JOHN McCAIN: My friends, that chicken crossed the road because he recognized the need to engage in cooperation and dialogue with all the chickens on the other side of the road.
HILLARY CLINTON: When I was First Lady, I personally helped that little chicken to cross the road. This experience makes me uniquely qualified to ensure right from Day One that every chicken in this country gets the chance it deserves to cross the road. But then, this really isn't about me.
GEORGE W. BUSH: We don't really care why the chicken crossed the road. We just want to know if the chicken is on our side of the road, or not. The chicken is either against us, or for us. There is no middle ground here.

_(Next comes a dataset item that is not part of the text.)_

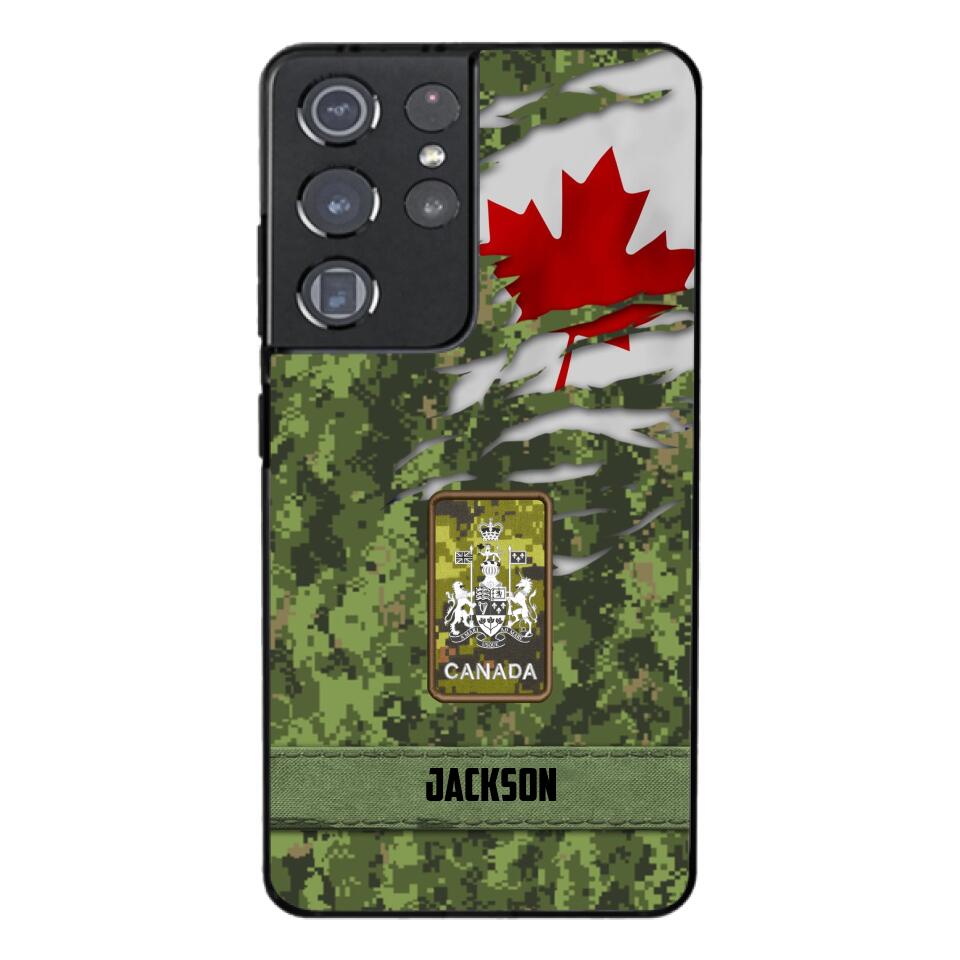 Personalized Canadian soldier camo rank Phone Case M3Q 2503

DICK CHENEY: Where's my gun?
COLIN POWELL: Now to the left of the screen, you can clearly see the satellite image of the chicken crossing the road.
BILL CLINTON: I did not cross the road with that chicken. What is your definition of chicken?
AL GORE: I invented the chicken.
JOHN KERRY: Although I voted to let the chicken cross the road, I am now against it! It was the wrong road to cross, and I was misled about the chicken's intentions. I am not for it now, and will remain against it.
AL SHARPTON: Why are all the chickens white? We need some black chickens.
DR. PHIL: The problem we have here is that this chicken won't realize that he must first deal with the problem on this side of the road before it goes after the problem on the other side of the road. What we need to do is help him realize how stupid he's acting by not taking on his current problems before adding new problems.
OPRAH: Well, I understand that the chicken is having problems, which is why he wants to cross this road so bad. So instead of having the chicken learn from his mistakes and take falls, which is a part of life, I'm going to give this chicken a car so that he can just drive across the road and not live his life like the rest of the chickens.
NANCY GRACE: That chicken crossed the road because he's guilty! You can see it in his eyes and the way he walks.
PAT BUCHANAN: To steal the job of a decent, hardworking American.
ALBERT EINSTEIN: Did the chicken really cross the road, or did the road move beneath the chicken?
COLONEL SANDERS: Did I miss one!
SARAH PALIN: The chicken crossed the road because it wanted to see Russia, doggone it!
THE CAST OF MAMMA MIA!: Mamma Mia! Here we go again.
Thanks for reading.
11 comments:
I've seen this one before, but I still think it is a good one.
Spread the blame all around!
As for Barack Obama's comment, the chicken not only wants change, he wants ALL of your eggs so he can spread them around!
Excellent post! Very funny! Thanks for sharing. :-D
I like that this one has been updated like this. I remember :
Oliver North: National Security was at stake.
=)
Too bad Einstein can't run for President...at least his viewpoint is "original". :)
The Bill Clinton Chicken crossed the road when it was raining...
... but it didn't in hail.
I love this one....it's just too too funny!!
http://shinade.blogspot.com
I love this! I tweeted your URL to my twitter friends! Thanks!
What about this?
IRS or Rice?: I don't care why the chicken crossed the road, just make sure he pays taxes for crossing the road...(now, smile at least.)
Very funny post, and I had thought you had no sense of humor...(he he he)
:D Thats a damn good post! Hats off to you...
"Quack, quack"...is it the chicken? Oh man, no...its the duck the chicken has fallen for, they met each other in the washing room at the White house ;)
Did Al Gore invent the chicken before or after he invented the egg?
This is only hilarious. Nothing more. Nothing less. Just Hilarious.